Some of the philosophers that Jefferson read were explored. John Locke being one of them.

On page 40, Mr. Wiltse observed- "Jefferson combined with the rugged independence of the pioneer American, who had wrested from the wilderness a potential empire, the intellectual independence of the best in eighteenth-century thought, which had cast authoritarianism to the winds."

Some of the "Jeffersonian" politicians and writers through history were discussed. Foremost in my opinion was John Taylor "of Caroline". Some of the opinions that Taylor and Jefferson shared were the dreading of capitalism and opposition to the Supreme Court setting aside acts of Congress.

Jefferson advocated that government debt should be paid off in 19 years, or a generation. Jefferson also understood that the republic would make adjustments over time.

As the author states, "Good government springs from common interest in public affairs." That may be a point in his vision that eroded.

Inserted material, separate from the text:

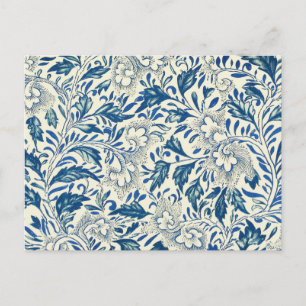 Blått Blommönster Antique Asian Design Vykort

Look at the laziness or lack of interest by citizens in participation(voting) today!

A few excellent Jefferson quotes are these;
"To profit by the mistakes of others is the essential lesson of history."

"Let common sense and common honesty have fair play, and they will soon set things to rights."

"Responsibility is a tremendous engine in a free government."

This is a "dated" book, but even so, it's a valuable lesson on Thomas Jefferson's long-lasting affect on the American government.